__EXERCISE OBJECTIVE__:
Search the data for the word "رسالة" and copy every line that contains it.

__RECORDED INFORMATION__:

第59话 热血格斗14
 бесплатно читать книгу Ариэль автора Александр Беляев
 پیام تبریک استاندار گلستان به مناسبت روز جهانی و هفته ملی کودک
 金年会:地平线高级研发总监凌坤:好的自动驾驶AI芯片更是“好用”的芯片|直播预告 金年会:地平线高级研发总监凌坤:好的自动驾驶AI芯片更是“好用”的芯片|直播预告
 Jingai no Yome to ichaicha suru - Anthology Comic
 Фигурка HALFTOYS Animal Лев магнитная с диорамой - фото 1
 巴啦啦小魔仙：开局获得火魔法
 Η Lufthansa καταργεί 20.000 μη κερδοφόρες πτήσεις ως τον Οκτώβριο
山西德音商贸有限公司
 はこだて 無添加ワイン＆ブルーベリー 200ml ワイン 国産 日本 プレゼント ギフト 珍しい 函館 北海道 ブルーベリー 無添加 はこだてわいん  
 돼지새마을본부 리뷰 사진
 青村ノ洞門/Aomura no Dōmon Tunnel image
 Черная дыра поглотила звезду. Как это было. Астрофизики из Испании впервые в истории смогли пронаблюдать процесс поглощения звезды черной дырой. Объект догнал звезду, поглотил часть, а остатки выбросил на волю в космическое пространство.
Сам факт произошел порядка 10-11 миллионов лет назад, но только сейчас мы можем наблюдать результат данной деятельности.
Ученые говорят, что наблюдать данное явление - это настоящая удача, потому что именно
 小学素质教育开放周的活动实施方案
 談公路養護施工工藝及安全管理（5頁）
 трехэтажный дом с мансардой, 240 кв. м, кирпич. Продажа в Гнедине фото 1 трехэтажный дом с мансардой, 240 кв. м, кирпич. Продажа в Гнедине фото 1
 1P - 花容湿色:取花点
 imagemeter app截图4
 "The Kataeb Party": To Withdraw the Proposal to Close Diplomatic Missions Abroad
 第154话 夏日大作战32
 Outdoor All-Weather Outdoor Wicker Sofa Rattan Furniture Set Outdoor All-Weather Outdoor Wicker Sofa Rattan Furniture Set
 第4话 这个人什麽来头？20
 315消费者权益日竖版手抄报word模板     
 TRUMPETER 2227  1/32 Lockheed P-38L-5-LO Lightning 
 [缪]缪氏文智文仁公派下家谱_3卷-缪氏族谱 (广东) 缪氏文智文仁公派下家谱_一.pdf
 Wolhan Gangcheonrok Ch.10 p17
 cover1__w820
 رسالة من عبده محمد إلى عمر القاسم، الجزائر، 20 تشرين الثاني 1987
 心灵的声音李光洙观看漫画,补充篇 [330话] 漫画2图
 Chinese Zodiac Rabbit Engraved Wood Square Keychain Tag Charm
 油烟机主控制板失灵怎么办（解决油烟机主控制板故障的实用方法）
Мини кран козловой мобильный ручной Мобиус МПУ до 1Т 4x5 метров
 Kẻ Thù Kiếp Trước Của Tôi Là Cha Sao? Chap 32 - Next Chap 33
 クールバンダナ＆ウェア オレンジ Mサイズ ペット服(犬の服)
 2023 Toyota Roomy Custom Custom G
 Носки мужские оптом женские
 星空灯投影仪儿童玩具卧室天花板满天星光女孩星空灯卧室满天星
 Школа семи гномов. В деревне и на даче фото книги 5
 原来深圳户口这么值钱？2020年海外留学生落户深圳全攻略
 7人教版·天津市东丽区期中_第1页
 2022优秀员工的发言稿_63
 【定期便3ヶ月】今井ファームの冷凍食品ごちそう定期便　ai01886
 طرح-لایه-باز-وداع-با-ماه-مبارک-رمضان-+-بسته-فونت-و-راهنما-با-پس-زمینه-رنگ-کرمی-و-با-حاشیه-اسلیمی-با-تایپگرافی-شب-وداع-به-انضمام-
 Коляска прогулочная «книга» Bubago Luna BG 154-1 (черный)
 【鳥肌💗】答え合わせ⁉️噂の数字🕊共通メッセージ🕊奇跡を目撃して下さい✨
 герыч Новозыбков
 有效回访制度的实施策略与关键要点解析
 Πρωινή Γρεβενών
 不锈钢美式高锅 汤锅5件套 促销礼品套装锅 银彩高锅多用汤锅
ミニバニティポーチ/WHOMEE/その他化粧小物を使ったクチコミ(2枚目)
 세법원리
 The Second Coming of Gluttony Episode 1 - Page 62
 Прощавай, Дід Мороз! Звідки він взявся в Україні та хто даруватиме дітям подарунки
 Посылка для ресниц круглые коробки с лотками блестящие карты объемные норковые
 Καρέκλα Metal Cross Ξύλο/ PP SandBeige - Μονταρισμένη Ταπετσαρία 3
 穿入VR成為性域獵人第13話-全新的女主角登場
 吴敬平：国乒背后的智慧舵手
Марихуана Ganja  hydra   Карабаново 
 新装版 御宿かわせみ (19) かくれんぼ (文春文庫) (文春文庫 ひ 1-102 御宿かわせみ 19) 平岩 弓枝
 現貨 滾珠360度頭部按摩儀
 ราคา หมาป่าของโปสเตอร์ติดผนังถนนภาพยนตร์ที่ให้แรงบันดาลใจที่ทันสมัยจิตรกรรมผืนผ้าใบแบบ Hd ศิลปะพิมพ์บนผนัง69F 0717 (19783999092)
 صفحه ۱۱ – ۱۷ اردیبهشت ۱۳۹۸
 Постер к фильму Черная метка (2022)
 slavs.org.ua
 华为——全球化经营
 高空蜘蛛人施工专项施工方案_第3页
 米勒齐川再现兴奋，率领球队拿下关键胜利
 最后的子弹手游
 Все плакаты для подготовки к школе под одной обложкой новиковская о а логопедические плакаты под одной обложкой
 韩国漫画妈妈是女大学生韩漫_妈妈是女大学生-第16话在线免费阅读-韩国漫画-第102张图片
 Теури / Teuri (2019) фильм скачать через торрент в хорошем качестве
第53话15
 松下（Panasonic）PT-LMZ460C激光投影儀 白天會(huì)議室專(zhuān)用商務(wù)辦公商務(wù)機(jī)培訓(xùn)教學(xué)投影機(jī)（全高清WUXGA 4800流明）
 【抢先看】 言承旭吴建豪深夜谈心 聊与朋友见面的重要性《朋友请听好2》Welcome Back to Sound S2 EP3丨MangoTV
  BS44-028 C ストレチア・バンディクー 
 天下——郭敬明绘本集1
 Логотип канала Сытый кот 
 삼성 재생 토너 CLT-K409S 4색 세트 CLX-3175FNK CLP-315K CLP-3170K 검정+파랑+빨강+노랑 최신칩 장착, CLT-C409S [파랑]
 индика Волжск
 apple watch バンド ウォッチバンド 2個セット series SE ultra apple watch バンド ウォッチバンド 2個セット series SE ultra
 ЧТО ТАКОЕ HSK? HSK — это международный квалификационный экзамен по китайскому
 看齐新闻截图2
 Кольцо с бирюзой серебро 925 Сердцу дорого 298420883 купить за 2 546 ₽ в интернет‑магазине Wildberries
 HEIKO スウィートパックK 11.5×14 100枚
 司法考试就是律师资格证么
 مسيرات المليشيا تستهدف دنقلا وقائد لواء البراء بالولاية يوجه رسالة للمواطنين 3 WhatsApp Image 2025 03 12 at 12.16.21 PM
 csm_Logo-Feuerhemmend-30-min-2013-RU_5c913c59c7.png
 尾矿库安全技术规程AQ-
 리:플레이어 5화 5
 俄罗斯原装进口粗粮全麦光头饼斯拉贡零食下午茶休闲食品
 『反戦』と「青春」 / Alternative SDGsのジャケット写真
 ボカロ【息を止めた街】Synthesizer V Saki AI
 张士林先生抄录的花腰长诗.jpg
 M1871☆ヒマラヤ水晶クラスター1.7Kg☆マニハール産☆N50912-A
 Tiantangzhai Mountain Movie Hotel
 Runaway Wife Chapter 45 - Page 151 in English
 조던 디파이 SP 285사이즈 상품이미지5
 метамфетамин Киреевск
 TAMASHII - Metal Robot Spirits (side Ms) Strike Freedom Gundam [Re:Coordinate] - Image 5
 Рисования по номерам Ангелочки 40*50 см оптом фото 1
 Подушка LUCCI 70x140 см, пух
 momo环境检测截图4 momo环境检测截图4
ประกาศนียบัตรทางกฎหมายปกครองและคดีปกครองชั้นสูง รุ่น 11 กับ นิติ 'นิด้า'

__RESULT__:
 رسالة من عبده محمد إلى عمر القاسم، الجزائر، 20 تشرين الثاني 1987
 مسيرات المليشيا تستهدف دنقلا وقائد لواء البراء بالولاية يوجه رسالة للمواطنين 3 WhatsApp Image 2025 03 12 at 12.16.21 PM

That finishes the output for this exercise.